Feeding dry sucklers
It is important that you don’t have sucklers over-conditioned at calving.
Ideally, cows should be dried off in the condition you would like to calve them in.
Suckler cows that are too fat at calving tend to have more difficult calvings, and metabolic disorders, such as milk fever and held cleanings.
This may also have a negative effect on subsequent fertility performance.
Keeping cows on a relatively low plane of nutrition may involve dry cows running behind young-stock, cows with calves or finishers.
This allows the productive animals get the best of the grass, while the dry cows can tidy up behind.
It is important for grass quality that the dry cows follow the other stock within 24 to 48 hours, otherwise they will eat regrowths rather than the grass left behind.
If you must graze dry sucklers on good quality swards, then you should use a strip wire, and consider supplementing with some straw to restrict their total energy intake.
Keep a good quality pre-calver mineral in front of all dry sucklers for at least four or five weeks before calving.
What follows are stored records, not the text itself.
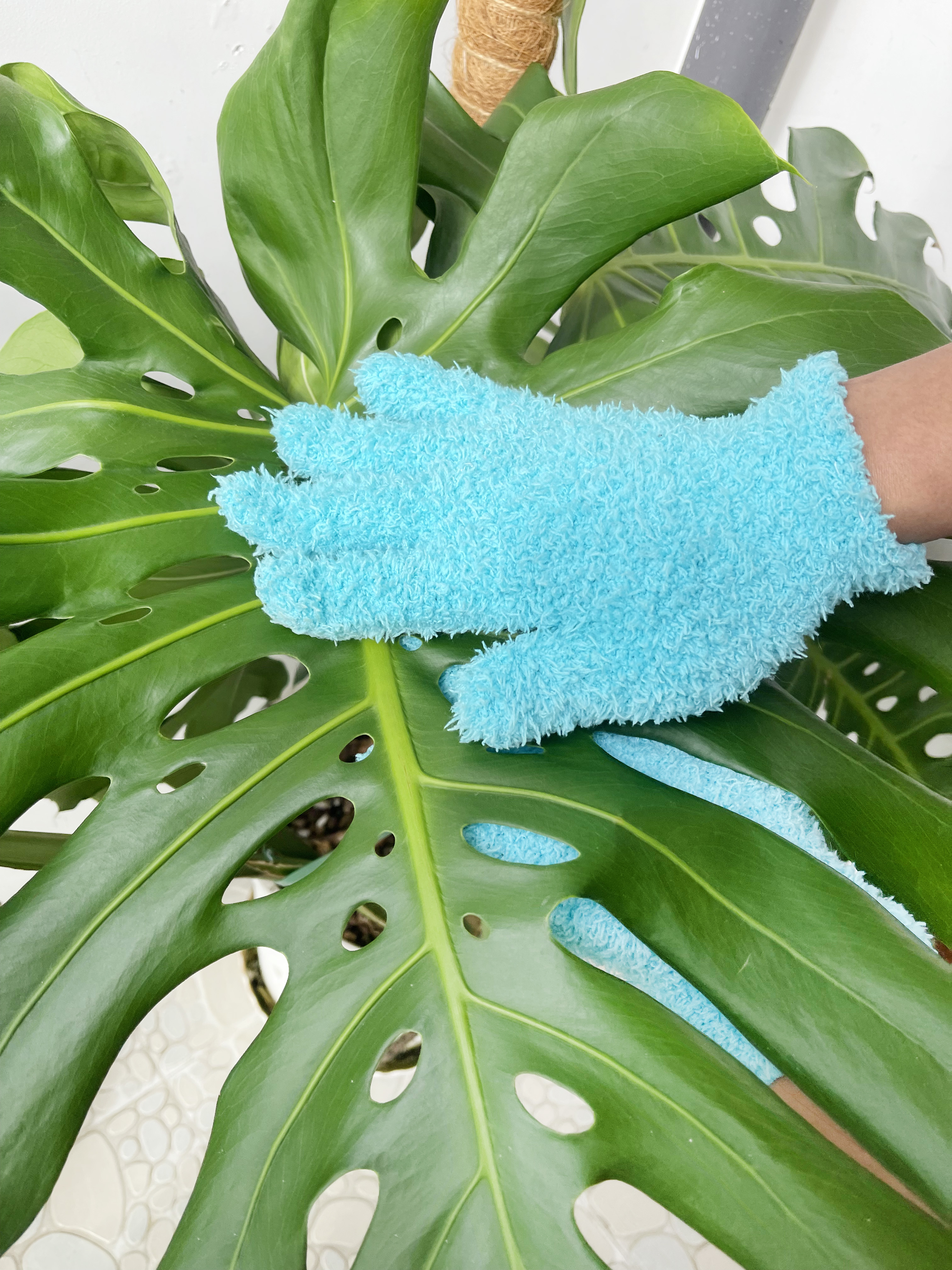 观叶绿热植物龟背除去尘擦拭手套
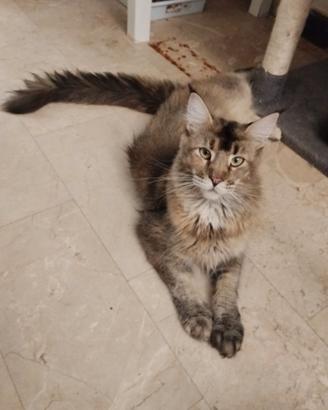 Allevamento autoriz Maine coon XXXL 10/03/2025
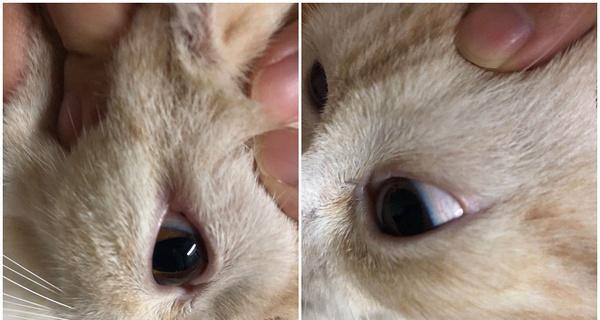 如何有效治疗猫咪眼睛浑浊（宠物眼睛健康的重要性及浑浊症状的识别和治疗方法）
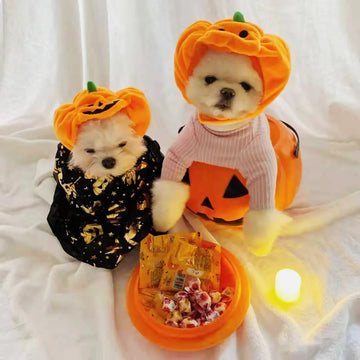 Pet  Pumpkin Hat Halloween Carnival Party Decoration Headwear Supplies Small Medium and Big Dog Teddy Fight Dog Hat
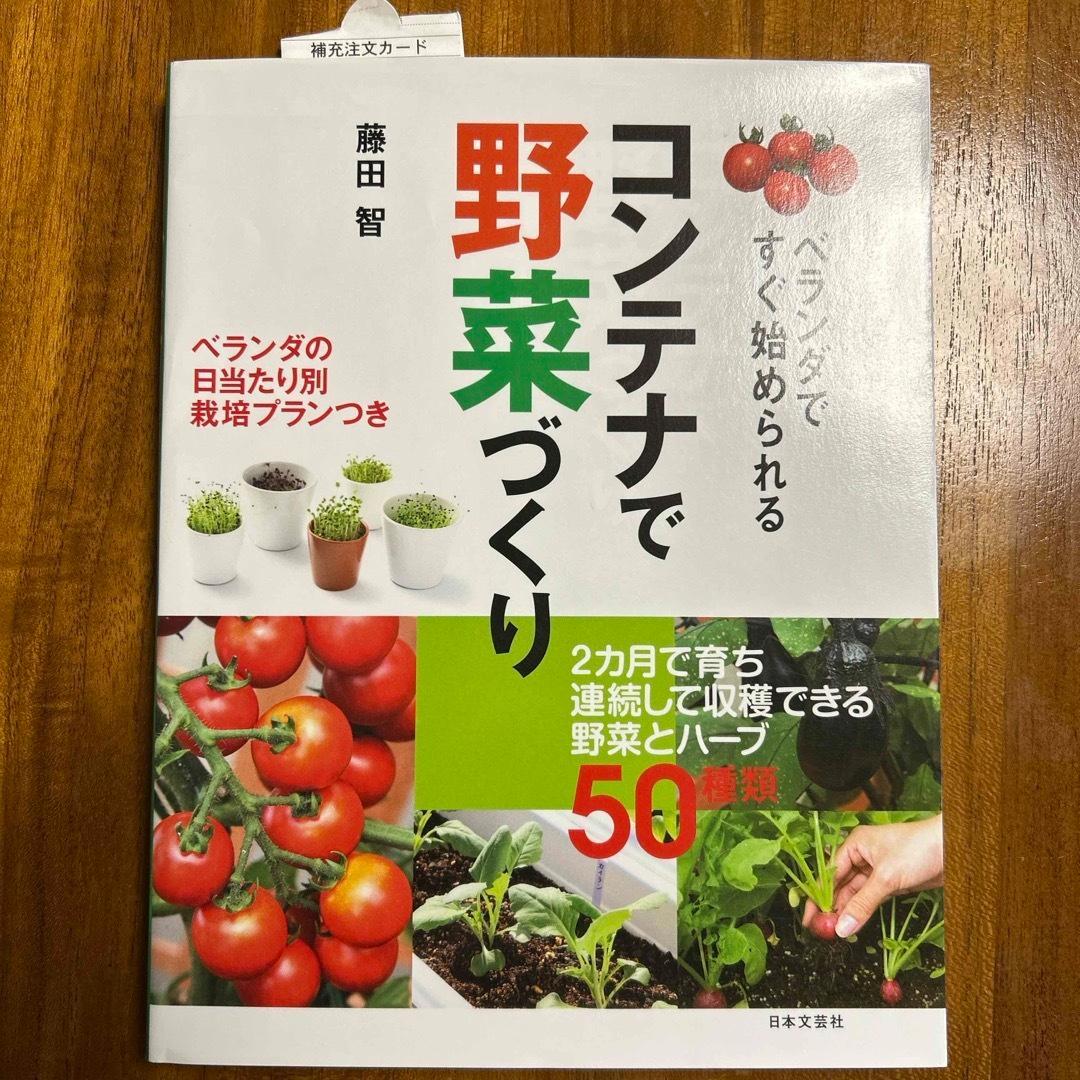 テラスのコンテナで栽培する葉物野菜 写真素材6044881- フォトライブラリ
If you know of specific mineral deficiencies on your farm, then you may need to give cows a bolus or get a specific mineral premix made up.
Also, keep a close eye on dry cows for mastitis, as there has been a lot of it reported in the last few weeks.
Once cows have calved, it is essential to get sufficient colostrum into calves.
If calves are slow to drink, or cows won’t stand for the calf, get them indoors so that you can milk the cow and get the calf fed.
Get fresh cows and calves on to good quality grass as soon as possible, to boost the cow’s energy intake for milk production and recovery.
This will help to get the next breeding season running more smoothly.
Monitor cows for metabolic disorders in the first few days after calving, and continue to supplement with magnesium.
Many farmers dose fresh cows for internal and external parasites at calving.